TIPIKORNEWS.COM PELALAWAN, RIAU , 28 AGUSTUS 2026 - Mendapatkan kabar menggembirakan terkait potensi awan hujan yang meliputi wilayah Riau pada rentang 30 Agustus hingga 1 September 2026, Menteri Kehutanan (Menhut) Raja Antoni memerintahkan agar Operasi Modifikasi Cuaca (OMC) dimaksimalkan sepenuhnya. Arahan ini disampaikan dalam Rapat Koordinasi yang digelar usai peninjauan lokasi kebakaran hutan dan lahan (Karhutla) di Kerumutan, Kabupaten Pelalawan, Kamis (28/8/2026).
Rakor tersebut dihadiri langsung oleh Kapolda Riau Irjen Pol Herry Heryawan, Plt Gubernur Riau S.F. Hariyanto, Pangdam XIX/TT Mayjen TNI Agus Hadi Waluyo, TA BNPB Brigjen TNI Mohammad Syech Ismed, serta jajaran instansi terkait.
Potensi Awan Hujan Meliputi Seluruh Riau Pelanggan Emas yang Tak Boleh Dilewatkan
Kepala BMKG Pekanbaru, Warjono, melaporkan dalam rapat bahwa potensi awan hujan diprediksi meliputi seluruh wilayah Riau pada tanggal 30, 31 Agustus, hingga 1 September 2026. Menhut Raja Antoni menyambut kabar tersebut dengan penuh syukur sekaligus tekad bulat.
"Kita bersyukur potensi awan hujan di Riau ini masih ada. Di Kalteng maupun Kalbar sulit sekali, tapi kita ada potensi di tanggal 30, 31, dan tanggal 1, dan itu akan meliputi seluruh Riau," ungkap Menhut.
Menteri menegaskan telah berkoordinasi langsung dengan Kepala BNPB dan BMKG untuk menyepakati satu hal: setiap butir potensi awan harus ditarik turun menjadi hujan.
"Saya sudah sepakati dengan Kepala BNPB dan BMKG, sekecil apapun potensi awan hujan yang bisa kita maksimalkan, kita maksimalkan," tegasnya.
Hujan Adalah Pemadam Utama Water Bombing dan Pasukan Darat Sebagai Pelengkap
Menhut Raja Antoni kembali mengingatkan bahwa hujan adalah solusi paling tuntas dan efektif untuk memadamkan Karhutla, terutama di lahan gambut.
"Karena kita tahu yang paling efektif untuk memadamkan Karhutla ini hujan. Sementara water bombing maupun pasukan darat itu adalah pilihan kedua dan ketiga," jelasnya.
Oleh karena itu, setiap peluang awan hujan yang datang tidak boleh dilewatkan begitu saja.

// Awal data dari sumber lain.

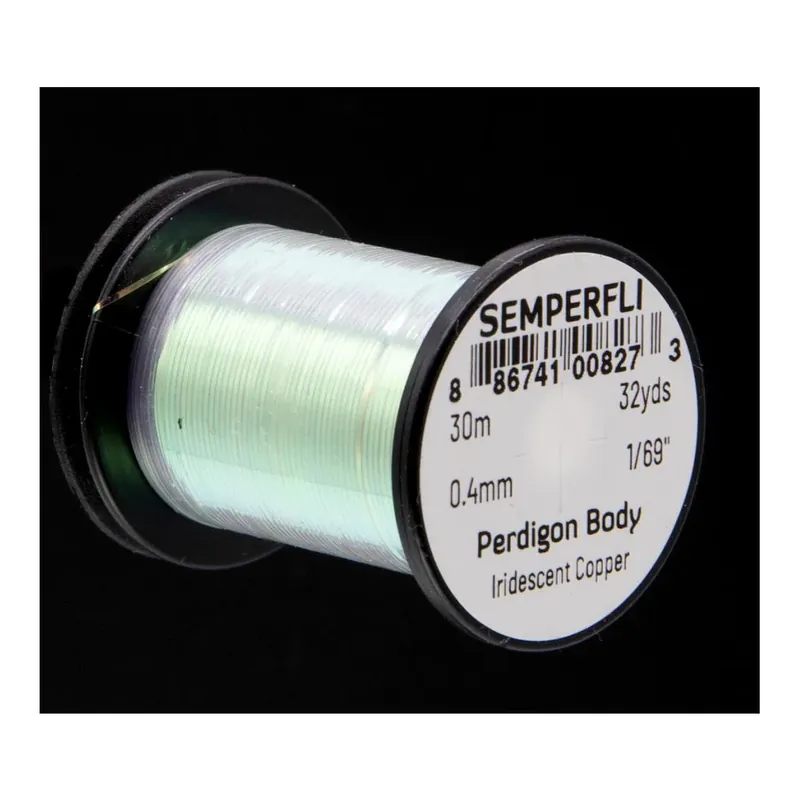 Populaire Semperfli Perdigon Body Iridescent Copper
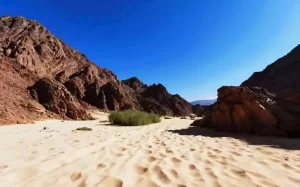 هضاب جنوب سيناء مقصد سياحي هام للسياح من محبي الهدوء والاسترخاء والتأمل والمغامرة - 7 - سيناء الإخبارية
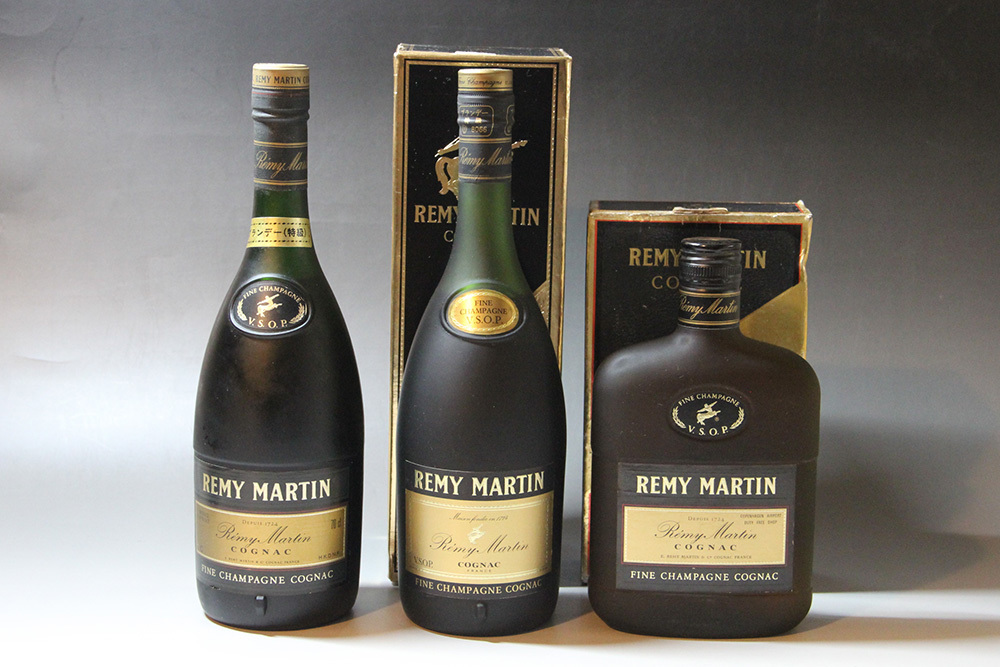 ☆ 古酒 REMY MARTIN レミーマルタン VSOP 700ml X 2本 + スクエア 1本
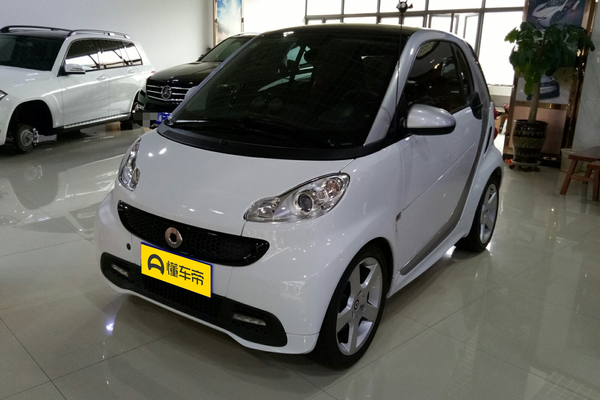 smart fortwo 2012款 1.0T 硬顶激情领航版厂商_基本信息图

Bandara Tetap Buka Hingga Malam Jangan Sampai Terkendala Teknis
Agar pelaksanaan OMC berjalan tanpa hambatan, Menhut meminta seluruh dukungan operasional dipastikan kesiapannya. Termasuk pengoperasian bandara di Riau agar tetap terbuka hingga malam hari, apabila potensi awan hujan justru muncul pada waktu tersebut.

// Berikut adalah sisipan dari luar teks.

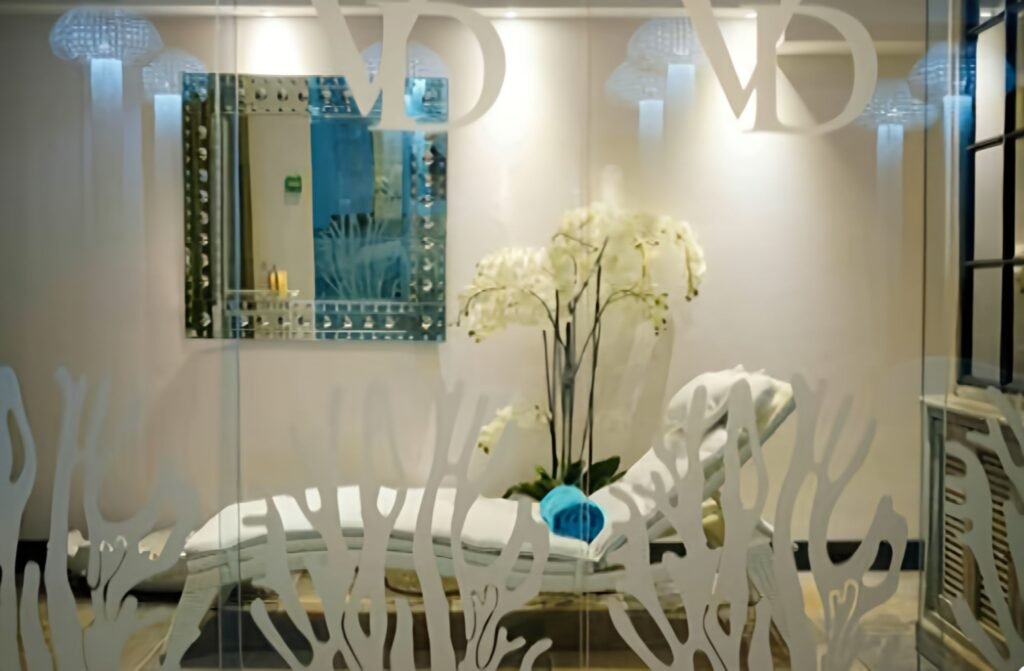 Spa im Hotel Villa Delisle 974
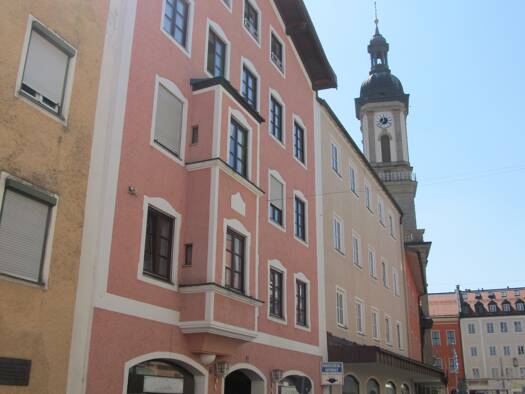 Wohnung zur Miete 935 € 3 Zimmer 85 m² 4. Geschoss Traunstein 83278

"Artinya jangan sampai di beberapa tempat pesawat tidak bisa terbang. Mohon dipastikan di Riau untuk kebutuhan OMC agar bandara kita tetap dibuka, meskipun misalnya nanti sampai jam 21.00 bisa OMC," pintanya.
"Tanggal 1 Kita Hajar Habis-Habisan"
Pada akhirnya, Menhut Raja Antoni menegaskan komitmen seluruh pihak untuk memanfaatkan peluang langit ini sebaik-baiknya.

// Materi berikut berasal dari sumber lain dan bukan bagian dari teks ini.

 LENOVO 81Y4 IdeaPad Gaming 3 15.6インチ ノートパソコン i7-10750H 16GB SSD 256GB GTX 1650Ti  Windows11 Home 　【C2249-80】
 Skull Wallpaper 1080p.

"Potensi awan hujan yang tersedia harus dimaksimalkan untuk membantu penanganan Karhutla. Terutama tanggal 1, kita hajar habis-habisan!" tegas Menhut dengan semangat membara.
Sebuah tekad yang jelas: langit telah memberi peluang, kini giliran tangan manusia menjadikannya berkah hujan yang memadamkan api sekaligus menyegarkan kembali bumi Riau.